The positioning of this second outdoor stage has moved to a central position up the hill to the far side of the festival site and this year features a design with open back and sides that coupled with the weather transforms Mote Park into a scene reminiscent of California’s Coachella festival. After a short glimpse at The Adelaides however I head back to the main stage to catch rejuvenated Scottish rockers Gun.
After a lengthy period of inactivity the band re-emerged back in 2008 and went through a number of further line-up changes, but since bassist Dante Gizzi switched to lead vocals the bands hasn’t looked back.

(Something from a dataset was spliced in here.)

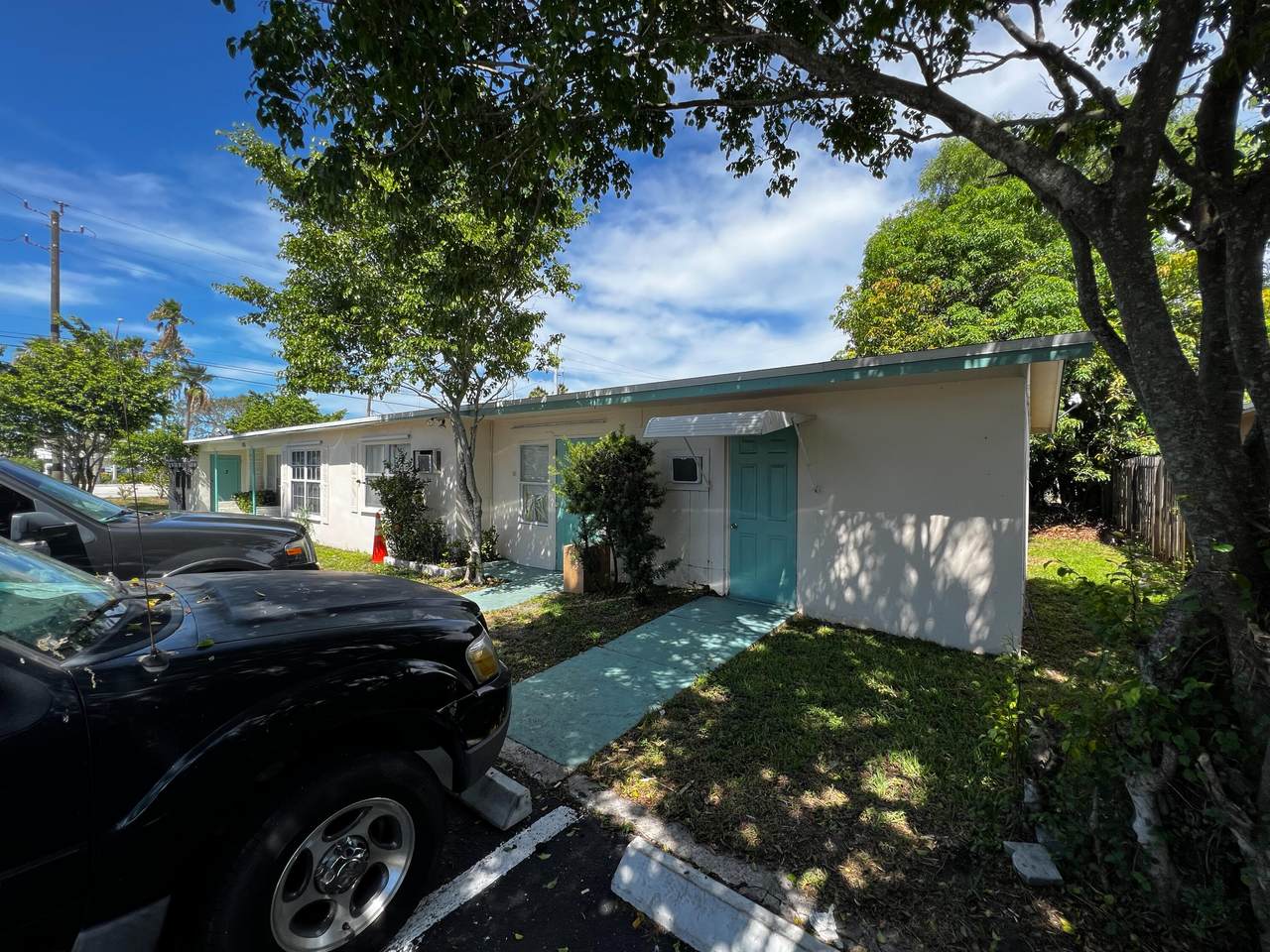 106 Cleveland Street - Photo 1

Last year’s ‘Favourite Pleasures’ has been a fantastic success for the band and they are in celebratory mood as they run through a short but sweet set that has the fans in the palm of their hands. ‘Better Days’, ‘Word Up’ and a cover of The Beastie Boys ‘(You Gotta) Fight For Your Right (To Party!)’ incite the first of many sing-a-longs this weekend.

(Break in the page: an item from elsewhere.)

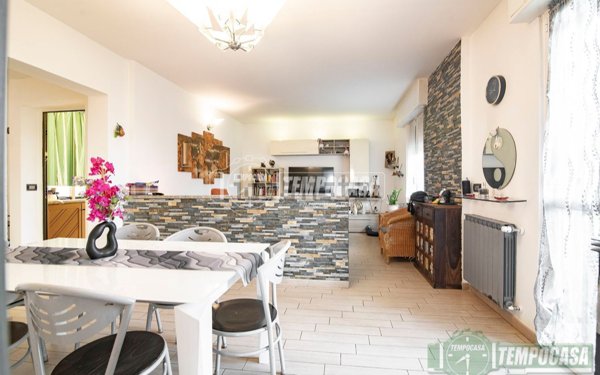 appartamento in vendita a Senago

After another short trip to the second stage for the very impressive Me And That Man, it’s time for the fantastic Therapy? to take the main stage by storm. Ploughing through a set that heavily leans on songs from iconic album ‘Troublegum’ they deliver a near perfect festival performance that ends with a run of ‘Knives’, ‘Nowhere’ and ‘Screamager’ to the delight of the audience. There is then time to nip to the second stage for Skinny Molly and another great sing-a-long moment as they deliver a crowd pleasing rendition of ‘Freebird’.
Southern rock has featured heavily over the years at Ramblin’ Man and this year is no different with The Cadillac Three making a heroic return to the main stage next. Led by Jaren Johnston the trio spend the next hour showcasing just why they are one of the hottest young rock bands around. The set itself is a good mix of new and old, but it’s the ending of old favourites ‘I’m Southern’, ‘I’m Rockin’’, ‘White Lightning’ and ‘The South’ that solidifies the performance as one the weekends most talked about.

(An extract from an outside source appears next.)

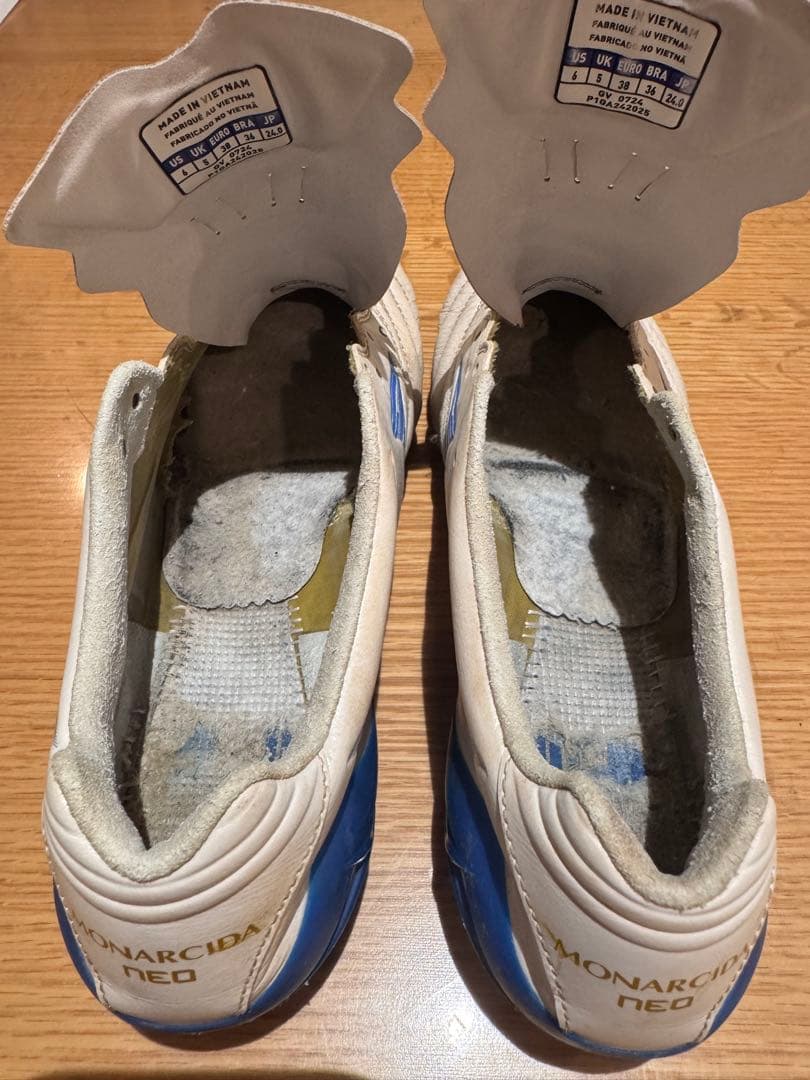 Mizuno モナルシーダネオ3 24センチ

Another of the grumbles against Ramblin’ Man this year has been some unusual placing of bands and the ensuing clashes. One such clash was The Cadillac Three and Alter Bridge frontman Myles Kennedy who is gracing the second stage as we speak. I join most of those in attendance in rushing to catch the end of what appears to have been an absolutely stunning set by Kennedy. Mixing tracks from across his career with those from his debut solo album it’s the title track ‘Year Of The Tiger’ that brings his time on stage to a close.
Up next on the main stage is a band that continually divides opinion and certainly did when they were announced for this festival. Americans Steel Panther are an acquired taste, but sadly it’s a taste that I can’t stand. As a parody they were entertaining for all of five minutes, but that was ten years ago. Now they are a parody of themselves and after witnessing the first twenty minutes of their set and only getting two songs I’ve had enough.
I choose to head over to the second stage for the legendary Steve Earle and The Dukes who are celebrating ‘Copperhead Road’ by playing the album in full and more. What follows is a thoroughly gripping performance intertwined with the stories of the songs from the man himself. To end the day I headed back to the main stage to catch another classic band in action as today’s headliners Mott The Hoople serenade a somewhat depleted audience with the likes of ‘All The Young Dudes’.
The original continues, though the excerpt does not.